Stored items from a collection

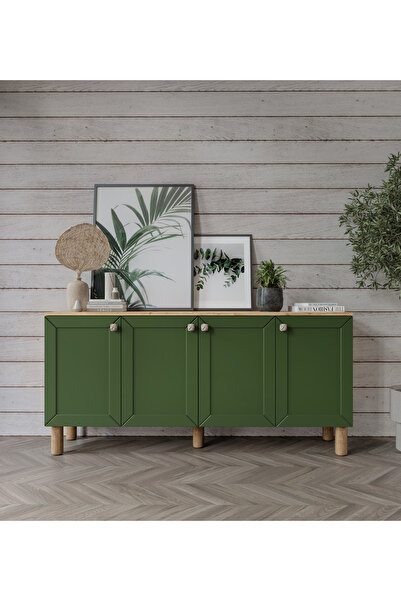 WENCE Alice Çok Amaçlı Membran Kapaklı Bohem Konsol Koyu Yeşil-Meşe, Bohem Sa...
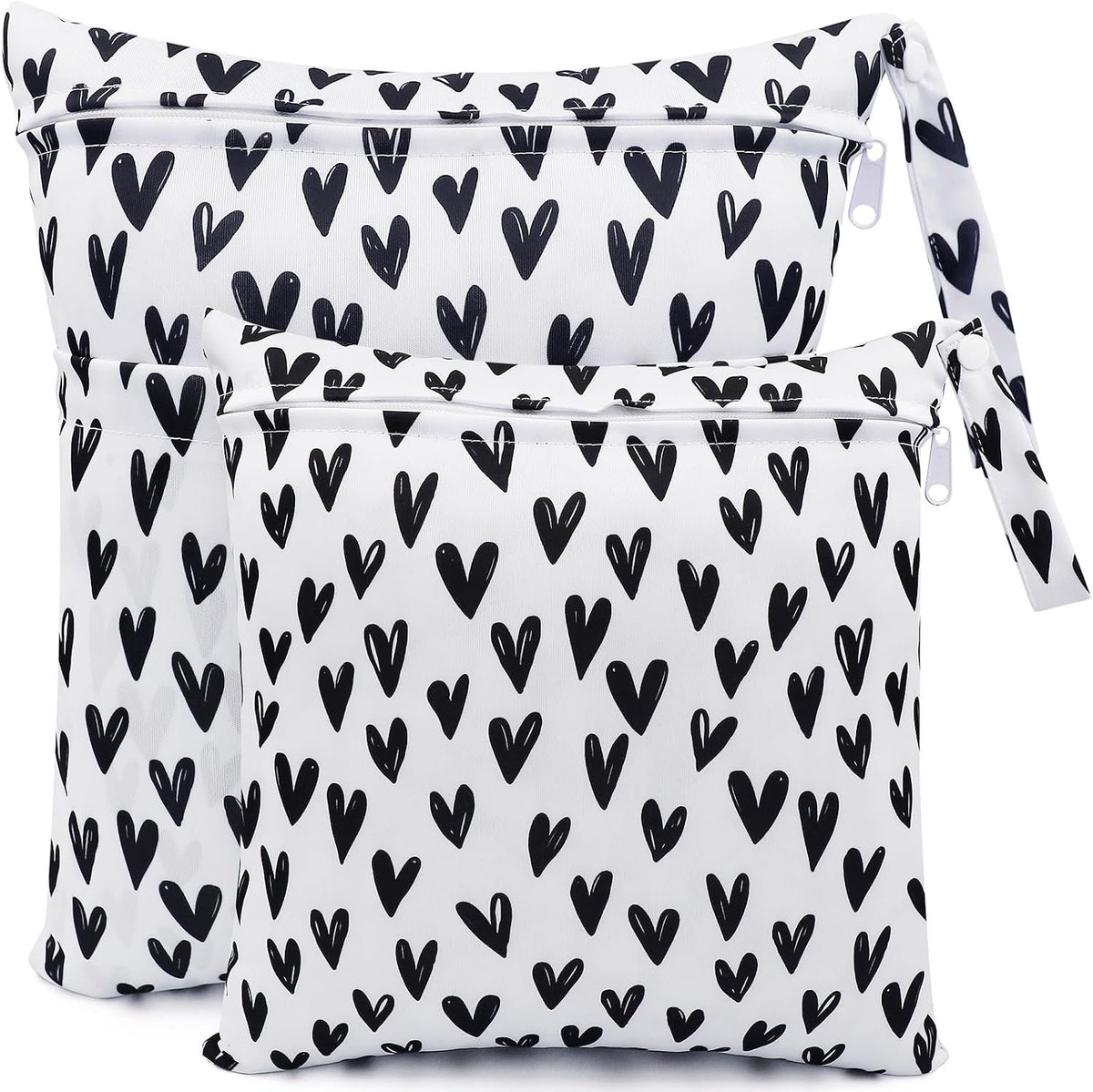 SnelShoppen - Wet Bag 2 Stuks - Waterdichte Herbruikbare Opbergzakken voor Luiers - 36x30cm en 30x28cm - Wit Hart - Ideaal voor Kinderen en Zwemmen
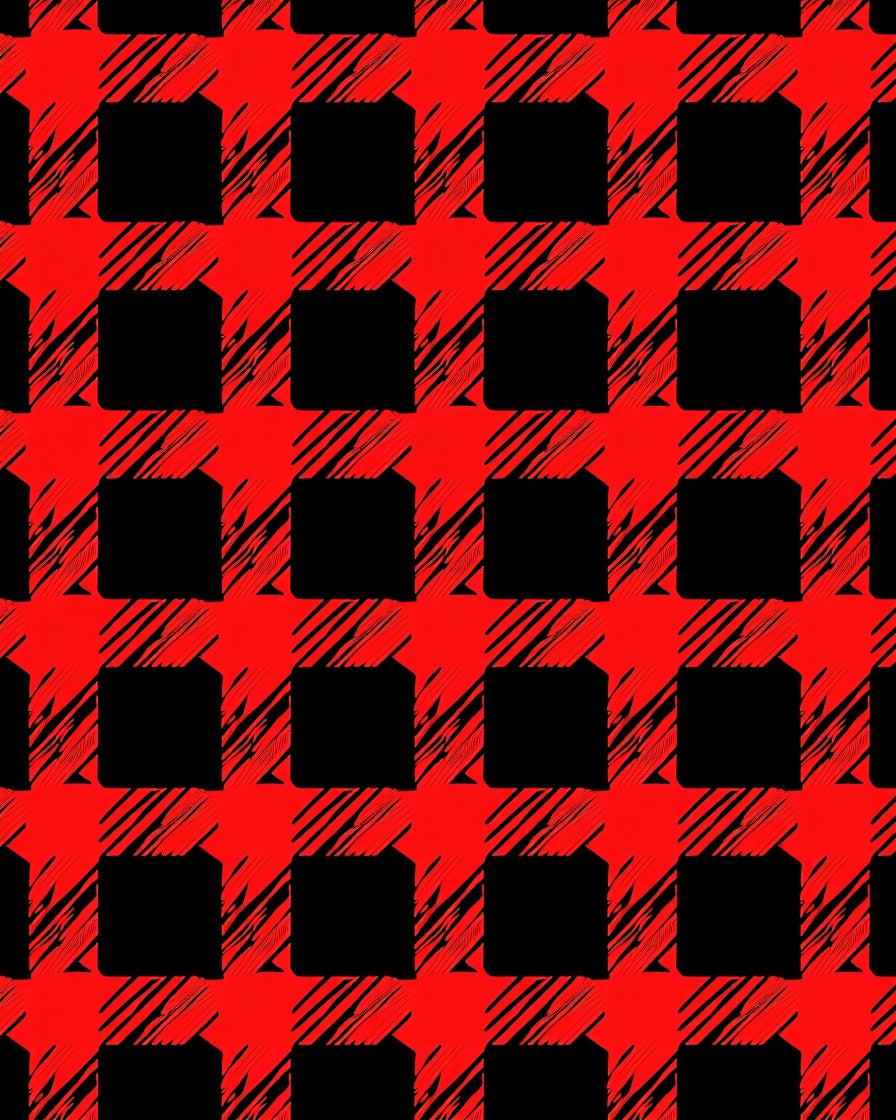 Bold Red Plaid Brush Stroke Rug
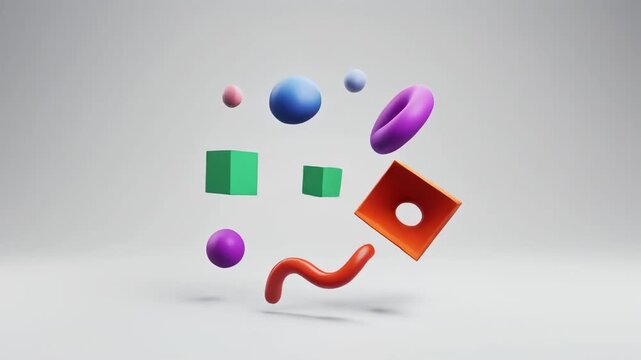 colorful geometric shapes floating animation sequence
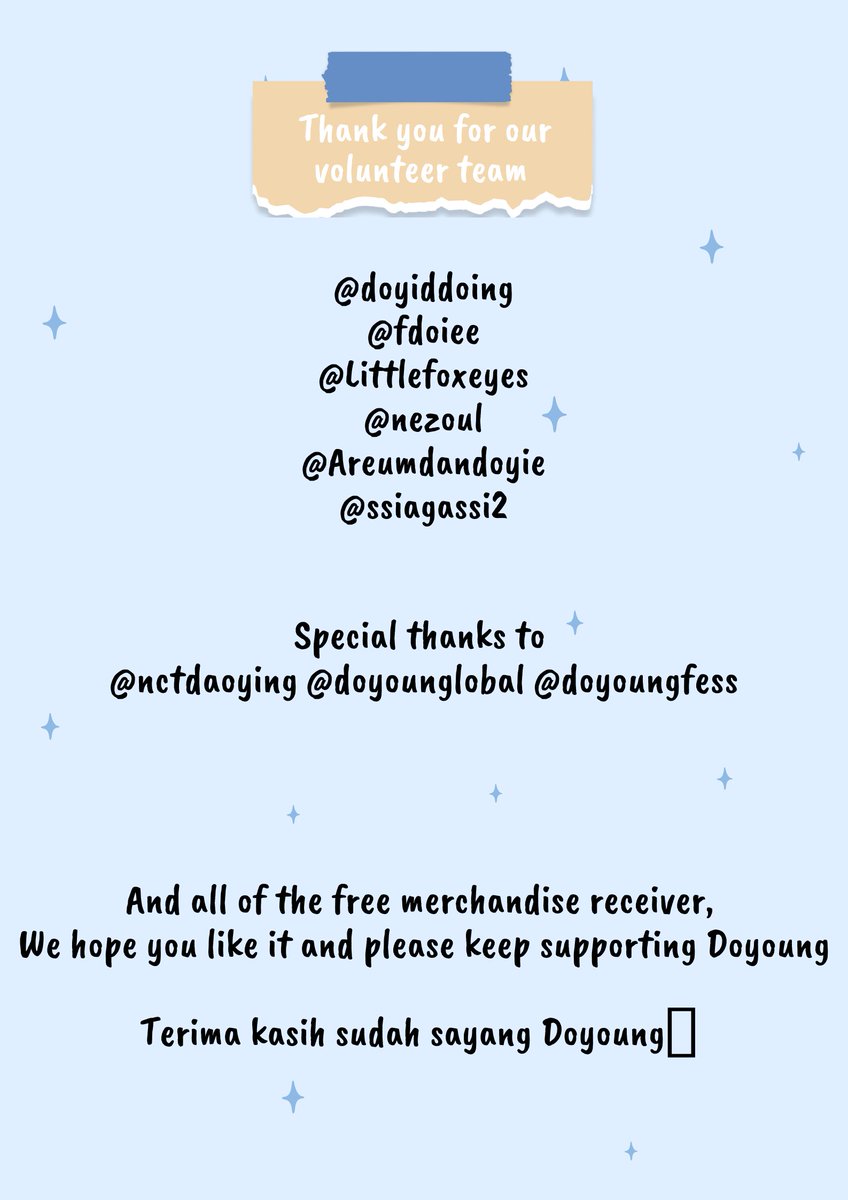 KDY_INA's tweet photo. π Dear You Project π
Terima kasih untuk semua donatur, volunteer team, pihak yang mendukung project ini, dan dojeuni baik yang di venue maupun yang aktif membagikan info project ini. Terima kasih sudah sayang Doyoungπ₯Ί
#DearYouProject
#NCTλμ #DOYOUNG #λμ #γγ¨γ³ https://t.co/uTlxuCMMFA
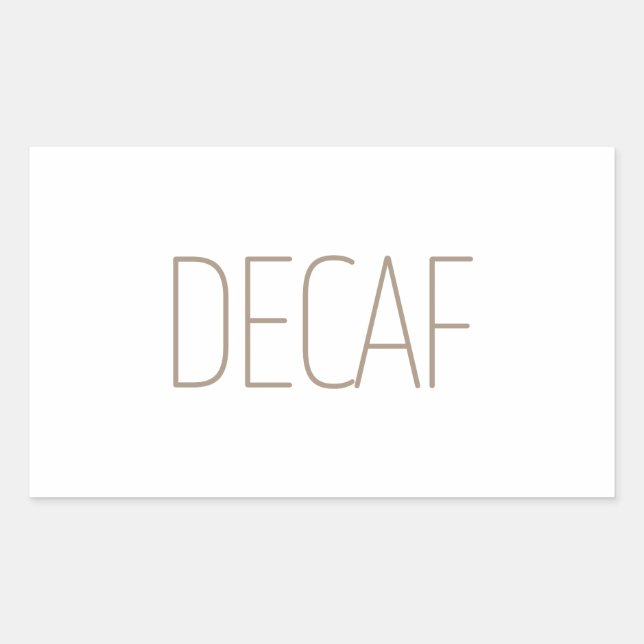 Sticker Rectangulaire Café décaféiné Brun Élégant (Devant)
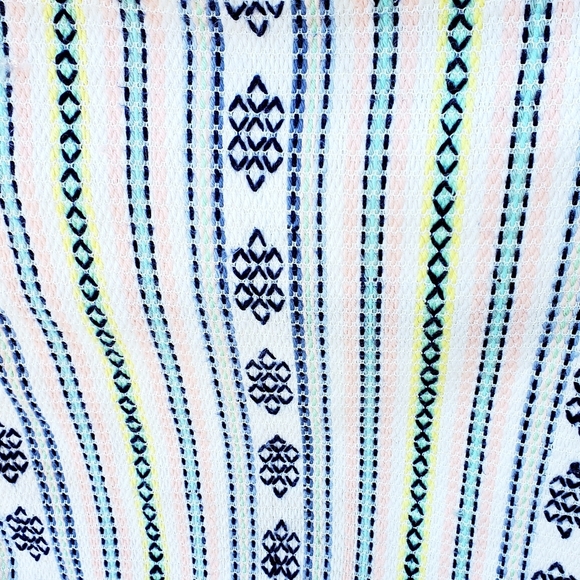 Tribal Patterned Pastel Stripe Fringed Lightweight Blanket - Picture 2 of 3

*Work instructions*: Your output should consist solely of the lines from the line containing "#DearYouProject" through the end of the data above, copied exactly, with images removed.

*Answer space*:
#DearYouProject
#NCTλμ #DOYOUNG #λμ #γγ¨γ³ https://t.co/uTlxuCMMFA
 Sticker Rectangulaire Café décaféiné Brun Élégant (Devant)
 Tribal Patterned Pastel Stripe Fringed Lightweight Blanket - Picture 2 of 3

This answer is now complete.